Agile backers JACK offered sonorous swells, tip-toe string plucks, and slow-thump backbone to foundationally support Chase’s collaborative and unique read on the specifically commissioned work. More than mere page-to-instrument translation, Riley’s score, pinned to the surrounding walls, is a colorfully illustrated, open-to-interpretation visual feast of ideas and suggestions, which Chase merged with pre-recorded backing to merge the higher and lower flute registers into a forceful sonic whole.

The repeated melody, indeed, had a rising quality, and yet the notes fully interlaced somehow pulled it simultaneously earthbound, an aural trick executed skillfully in Chase’s nimble and propulsive interpretation. The piece, only a fractional part of the performer’s larger Density project, sometimes had a tense quality, implying one ought to ascend carefully. But Riley’s pre-recorded voice, employed occasionally to announce new sections, announced “All rise!,” causing the crowd to unexpectedly and happily laugh in unison, after which the music resolved free and clear.

Claire Chase




Patti Smith & Soundwalk Collective

At BAM Friday Soundwalk Collective (founder Stephan Crasneanscki and producer Simone Merli) orchestrated an evening of intense sensory overload (simultaneously: soundscapes, live instruments, oversized visuals, spoken word) fronted by frequent collaborator and unrivaled rock poet royal Patti Smith.

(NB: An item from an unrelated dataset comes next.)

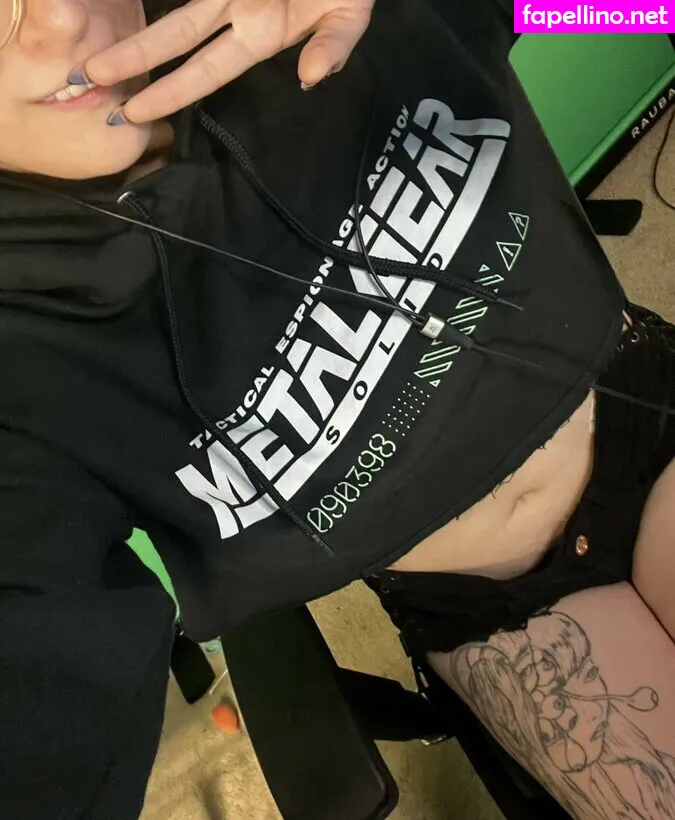 Bloodberry_tart, bloodberrytart Leaked Nude Picture #UdwG0zgI7Z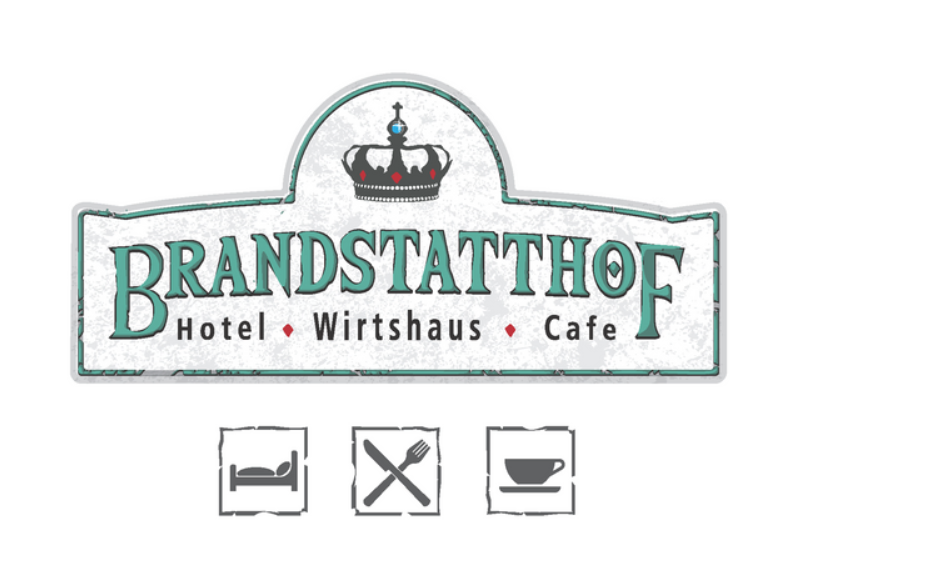 Brandstatthof - Hotel Und Restaurant Steingaden Dış mekan fotoğraf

Presenting both pieces from newly released EP Correspondences, Vol 1, Smith at first seemed solidly confined to the spoken-with-profundity verbal corridors of the medium, but then the elastic, shapeshifting Smith gradually emerged: shrieking, singing, and occasionally slyly stage acting, such as on the thumping “Pasolini,” when the narrator’s confusion about the script had her convincing turned to the wings, seemingly calling off stage to the
production staff.

On the instrumental side, as curative to the tech mysteries of behind-the-electronics laptop soundscaping, one Soundwalk member left his computer and quite viscerally took to picking, stabbing and shaving a close-mic’d on-stage block of ice, the tundra crunch broadcasting over the speakers, the chill visibly rising off the percussively-deployed frozen slab.

Smith, clearly in admiration of her visual collaborators, turned near 180° to catch a glimpse of the massive floor-to-ceiling arthouse projections in the rare instance she wasn’t facing the crowd. A rich bombast for the eye, including: orgiastic bacchanal! Anointed clergy and saints! Mesmerizing colors! Willem Dafoe driving at night!

After the simmering mayhem of the main set, all was stripped away and Smith re-emerged, only her daughter playing keyboard at her side, for a (comparatively) muted and poignant two-song encore. “Wing” came first, the simple refrain repeated: “It was beautiful / it was beautiful.”

And then the second and final song, “The People have the Power”, sent us home. Towards its end, before the full auditorium joined for the chorus, Smith gave us each her gift, faithfully promising: “as I surrender to my sleeping / I commit my dream to you.”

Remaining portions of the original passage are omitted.